For these reasons, legislation that will “encourage the growth of electronic commerce by ensuring confidence and trust in the online marketplace” is important to growth in Canada’s corner of the global economy. However, this law does not only — or even primarily — create a basis of trust for e-commerce. Instead, it attempts to reverse the broad flow of information by setting draconian limits on business communications. In its attempt to staunch email at one broadcast layer, it has driven a stake through all adjacent layers.
Clearly, there’s a need for some action in this area. A supply-side approach corresponding to Google’s definitions — requiring messages to be labeled by the sender as promotional, social or primary, with clear guidelines for categorization, and penalties for violating those guidelines — would have protected those who wish to avoid CEMs altogether, while allowing the mass of business sellers and buyers who depend on email communications to act responsibly. That isn’t what CASL delivers, though.

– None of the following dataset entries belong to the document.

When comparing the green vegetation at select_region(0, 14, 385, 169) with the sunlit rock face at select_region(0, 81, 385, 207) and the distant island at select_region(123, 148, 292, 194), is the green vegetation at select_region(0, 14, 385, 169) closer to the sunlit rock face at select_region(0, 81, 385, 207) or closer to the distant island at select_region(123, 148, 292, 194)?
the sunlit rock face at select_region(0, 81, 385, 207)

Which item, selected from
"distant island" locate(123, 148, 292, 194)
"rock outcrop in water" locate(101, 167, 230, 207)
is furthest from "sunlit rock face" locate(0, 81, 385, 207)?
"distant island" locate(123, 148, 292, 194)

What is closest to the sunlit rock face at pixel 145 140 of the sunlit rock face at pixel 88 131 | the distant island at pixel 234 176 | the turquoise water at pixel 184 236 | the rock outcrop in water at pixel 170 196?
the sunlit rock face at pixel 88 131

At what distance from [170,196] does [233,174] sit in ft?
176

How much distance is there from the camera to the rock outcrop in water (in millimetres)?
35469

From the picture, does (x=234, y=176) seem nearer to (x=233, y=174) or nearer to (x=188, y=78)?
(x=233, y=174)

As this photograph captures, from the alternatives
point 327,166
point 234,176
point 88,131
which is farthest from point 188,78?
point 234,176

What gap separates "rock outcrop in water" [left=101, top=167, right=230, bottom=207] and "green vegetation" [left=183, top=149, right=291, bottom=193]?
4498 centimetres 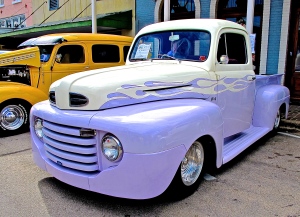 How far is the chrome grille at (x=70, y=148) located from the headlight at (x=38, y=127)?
0.21 metres

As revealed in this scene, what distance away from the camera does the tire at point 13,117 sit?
232 inches

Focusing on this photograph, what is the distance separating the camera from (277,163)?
14.3ft

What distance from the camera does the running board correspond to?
3806 mm

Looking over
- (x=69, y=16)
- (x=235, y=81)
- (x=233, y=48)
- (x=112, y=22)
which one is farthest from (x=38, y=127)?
(x=69, y=16)

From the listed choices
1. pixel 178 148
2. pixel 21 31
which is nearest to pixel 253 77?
pixel 178 148

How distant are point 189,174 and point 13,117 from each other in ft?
13.9

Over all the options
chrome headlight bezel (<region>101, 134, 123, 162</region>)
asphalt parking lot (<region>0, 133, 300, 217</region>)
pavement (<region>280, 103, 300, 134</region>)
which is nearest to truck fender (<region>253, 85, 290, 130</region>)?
asphalt parking lot (<region>0, 133, 300, 217</region>)

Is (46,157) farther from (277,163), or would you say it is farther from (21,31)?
(21,31)

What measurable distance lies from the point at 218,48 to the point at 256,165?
67.7 inches

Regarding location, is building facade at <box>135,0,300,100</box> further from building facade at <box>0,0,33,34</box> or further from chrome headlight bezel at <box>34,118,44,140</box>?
building facade at <box>0,0,33,34</box>

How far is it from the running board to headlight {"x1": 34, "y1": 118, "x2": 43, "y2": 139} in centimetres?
216

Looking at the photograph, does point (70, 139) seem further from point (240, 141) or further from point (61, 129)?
point (240, 141)

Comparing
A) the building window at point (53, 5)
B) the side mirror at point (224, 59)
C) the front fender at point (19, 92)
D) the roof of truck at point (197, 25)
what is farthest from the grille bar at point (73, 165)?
the building window at point (53, 5)

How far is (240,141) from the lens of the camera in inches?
170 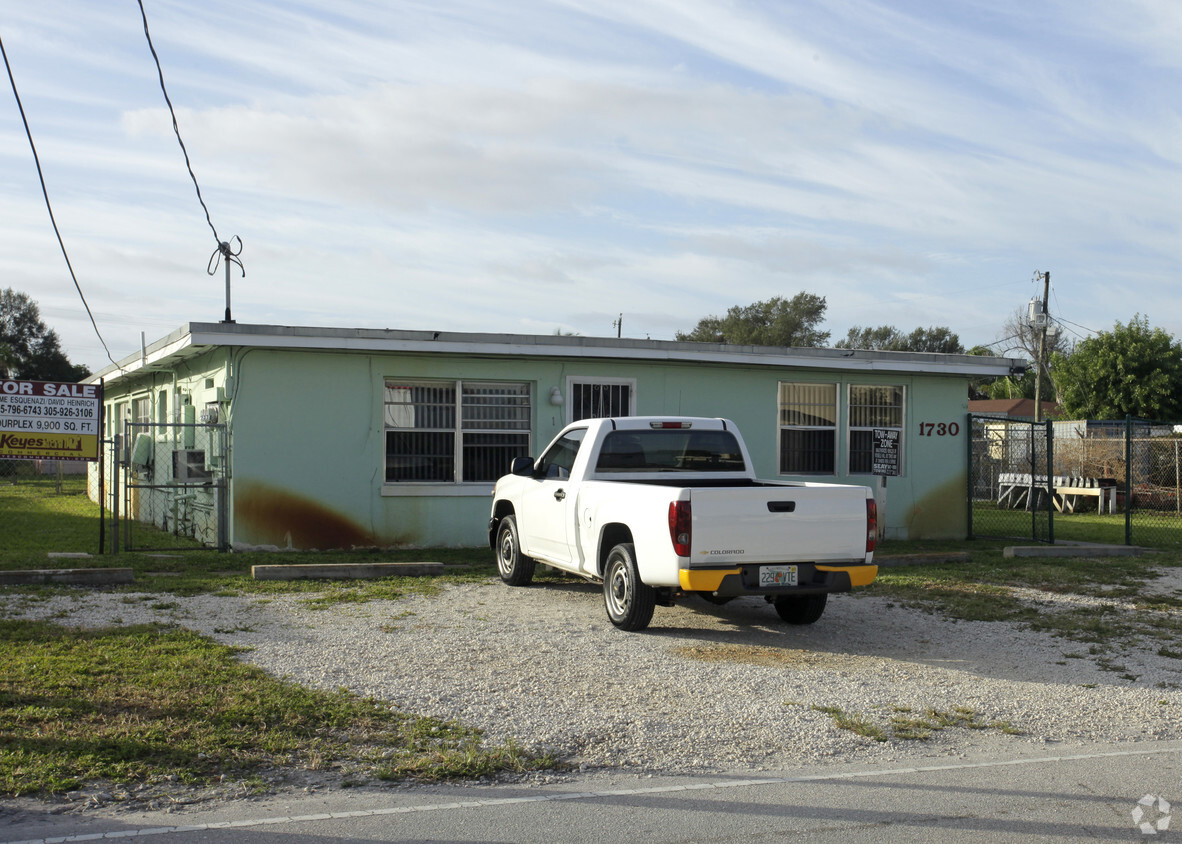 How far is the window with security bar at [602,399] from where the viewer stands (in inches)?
623

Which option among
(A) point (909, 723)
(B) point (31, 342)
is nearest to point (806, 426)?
(A) point (909, 723)

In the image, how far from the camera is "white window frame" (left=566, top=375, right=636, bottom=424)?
1570 cm

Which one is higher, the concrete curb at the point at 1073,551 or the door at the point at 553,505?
the door at the point at 553,505

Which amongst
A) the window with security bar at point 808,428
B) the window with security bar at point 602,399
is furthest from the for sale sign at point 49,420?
the window with security bar at point 808,428

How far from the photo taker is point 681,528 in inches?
326

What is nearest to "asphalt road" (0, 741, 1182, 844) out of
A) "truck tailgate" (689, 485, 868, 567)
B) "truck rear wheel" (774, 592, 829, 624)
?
"truck tailgate" (689, 485, 868, 567)

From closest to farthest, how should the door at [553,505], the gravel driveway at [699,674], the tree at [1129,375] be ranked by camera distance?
1. the gravel driveway at [699,674]
2. the door at [553,505]
3. the tree at [1129,375]

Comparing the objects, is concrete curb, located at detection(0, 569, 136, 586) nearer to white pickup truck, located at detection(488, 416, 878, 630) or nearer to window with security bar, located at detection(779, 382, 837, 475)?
white pickup truck, located at detection(488, 416, 878, 630)

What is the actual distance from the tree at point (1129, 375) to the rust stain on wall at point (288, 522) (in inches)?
1201

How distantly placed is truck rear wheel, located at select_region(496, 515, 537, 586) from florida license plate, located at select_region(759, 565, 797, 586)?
346 cm

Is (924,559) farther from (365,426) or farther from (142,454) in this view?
(142,454)

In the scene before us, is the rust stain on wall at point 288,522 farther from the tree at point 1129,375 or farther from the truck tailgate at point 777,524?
the tree at point 1129,375

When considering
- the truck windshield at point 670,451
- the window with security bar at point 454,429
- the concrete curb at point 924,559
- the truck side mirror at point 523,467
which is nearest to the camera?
the truck windshield at point 670,451

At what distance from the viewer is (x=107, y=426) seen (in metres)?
25.5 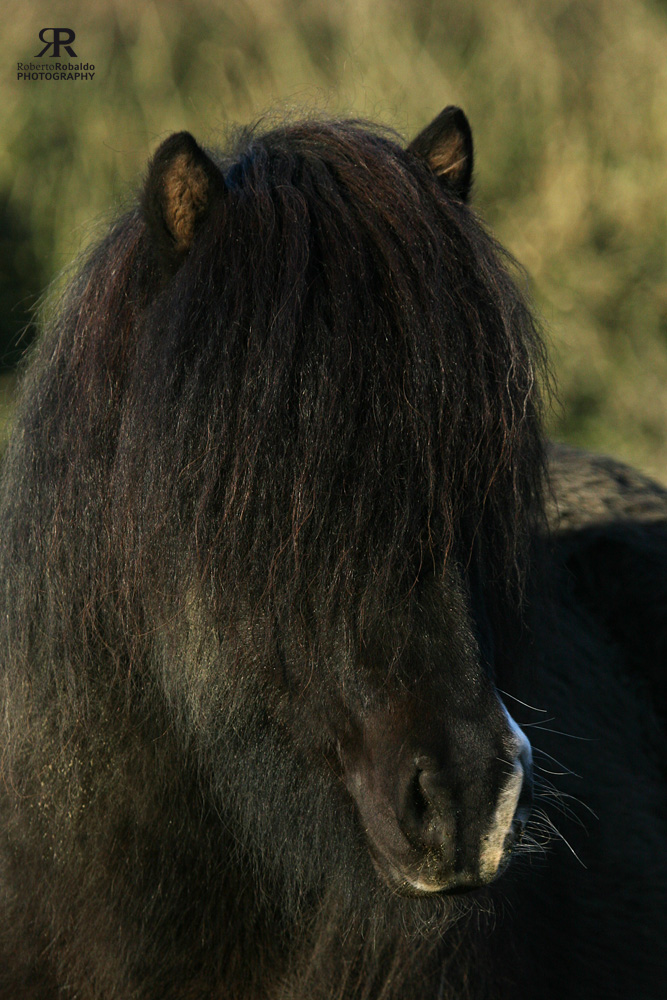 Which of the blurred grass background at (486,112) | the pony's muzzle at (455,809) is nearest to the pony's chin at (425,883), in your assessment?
the pony's muzzle at (455,809)

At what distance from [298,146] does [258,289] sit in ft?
0.91

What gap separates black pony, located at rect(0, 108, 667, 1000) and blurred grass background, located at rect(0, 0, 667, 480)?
12.9 feet

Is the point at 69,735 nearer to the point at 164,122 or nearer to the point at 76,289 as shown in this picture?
the point at 76,289

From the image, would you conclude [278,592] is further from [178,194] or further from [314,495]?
[178,194]

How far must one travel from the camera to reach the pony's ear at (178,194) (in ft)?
3.76

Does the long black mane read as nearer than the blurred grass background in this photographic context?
Yes

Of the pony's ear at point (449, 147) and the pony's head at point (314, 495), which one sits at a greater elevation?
A: the pony's ear at point (449, 147)

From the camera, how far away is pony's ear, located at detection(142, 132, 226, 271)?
114 centimetres

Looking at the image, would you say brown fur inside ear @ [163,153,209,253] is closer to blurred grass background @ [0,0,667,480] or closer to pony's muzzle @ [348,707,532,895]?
pony's muzzle @ [348,707,532,895]

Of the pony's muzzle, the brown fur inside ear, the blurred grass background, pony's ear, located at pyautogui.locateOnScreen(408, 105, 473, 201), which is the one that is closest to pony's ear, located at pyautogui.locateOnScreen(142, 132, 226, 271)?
the brown fur inside ear

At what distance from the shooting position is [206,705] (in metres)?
1.16

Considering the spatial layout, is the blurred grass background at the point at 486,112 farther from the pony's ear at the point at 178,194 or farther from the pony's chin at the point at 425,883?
the pony's chin at the point at 425,883

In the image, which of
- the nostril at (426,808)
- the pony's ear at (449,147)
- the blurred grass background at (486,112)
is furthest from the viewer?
the blurred grass background at (486,112)

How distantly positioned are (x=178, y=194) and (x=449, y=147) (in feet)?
1.21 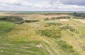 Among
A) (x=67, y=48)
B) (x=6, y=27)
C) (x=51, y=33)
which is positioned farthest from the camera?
(x=6, y=27)

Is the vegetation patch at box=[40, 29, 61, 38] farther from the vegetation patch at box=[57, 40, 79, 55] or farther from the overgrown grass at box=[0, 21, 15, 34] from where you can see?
the overgrown grass at box=[0, 21, 15, 34]

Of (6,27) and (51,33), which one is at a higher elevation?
(51,33)

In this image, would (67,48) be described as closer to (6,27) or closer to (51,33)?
(51,33)

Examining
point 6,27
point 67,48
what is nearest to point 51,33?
point 67,48

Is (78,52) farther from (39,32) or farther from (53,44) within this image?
(39,32)

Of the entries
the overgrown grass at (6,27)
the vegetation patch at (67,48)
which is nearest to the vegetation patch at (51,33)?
the vegetation patch at (67,48)

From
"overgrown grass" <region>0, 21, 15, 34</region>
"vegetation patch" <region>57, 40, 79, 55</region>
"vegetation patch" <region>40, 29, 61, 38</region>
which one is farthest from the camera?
"overgrown grass" <region>0, 21, 15, 34</region>

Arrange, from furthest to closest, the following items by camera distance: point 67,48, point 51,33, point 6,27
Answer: point 6,27 < point 51,33 < point 67,48

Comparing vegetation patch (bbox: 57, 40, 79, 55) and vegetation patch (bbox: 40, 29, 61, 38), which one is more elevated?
vegetation patch (bbox: 40, 29, 61, 38)

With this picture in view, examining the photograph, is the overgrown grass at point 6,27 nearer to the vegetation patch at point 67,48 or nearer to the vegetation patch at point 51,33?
the vegetation patch at point 51,33

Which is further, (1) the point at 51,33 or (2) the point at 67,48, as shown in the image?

Come July 1, those who long for a bucolic inbox where the ping of new mail announcements punctuate long periods of silence will be delighted. Businesses that have come to depend on email as a means of distributing information — not just product offers, but all forms of business information — and those that rely on email to stay abreast of developments in their industries (again, not merely announcements of ‘limited time only!’ purchase offers, but the flow of insights and announcements needed to stay current with new trends and business options) will be less pleased. They will in time find other ways of sending and receiving electronic notifications about new ideas. In the meantime, they can always return to the ink-and-paper interface of the 1990s.